The general hesitated, but Winn’s fiery sunken eyes held and shook him.

“Well, Staines,” he said, “you know what you can do with your men, of course. Have it your own way. When do you want to attack?”

“Soon as they’ve settled off to sleep,” said Winn, “just to give ’em a night-cap.”

“Don’t lose too many men,” said the general, “and above all come back yourself.”

“That’s as may be,” said Winn. “If I can get the men over quietly in a bit of mist, I sha’n’t lose too many of ’em. I’ve told them if they’re too fagged to stand, they’d better fight. They quite agree about it.”

Winn led the attack with the last of his strength, and in the fierceness of his rage with life.

A white fog hung over the fields like the shadow of a valley filled with snow.

The men fought like demons — strange shapes in the fog, with here and there as the flames shot up, the flash of their black faces, set to kill.

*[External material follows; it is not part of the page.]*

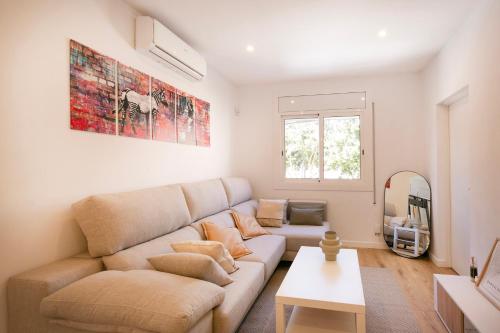 a living room with a couch and a table at Lovely apartment with 3 bedroom in Cornellà de Llobregat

Winn’s voice rallied and held them above the racket of the spitting rifles, and the incessant coughing of the guns. It was the Staines voice let out on a last voyage. To have gone back against it would have been more dangerous than to go on against the guns.

They seized the trench and held it, there were no prisoners taken in the dark, and after the first light they ceased to hear Winn’s voice.

The sun came out and showed them all they had won, and what they had lost.

Winn lay peacefully between the old trench and the new, beyond resentment, beyond confusion, in the direct simplicity of death.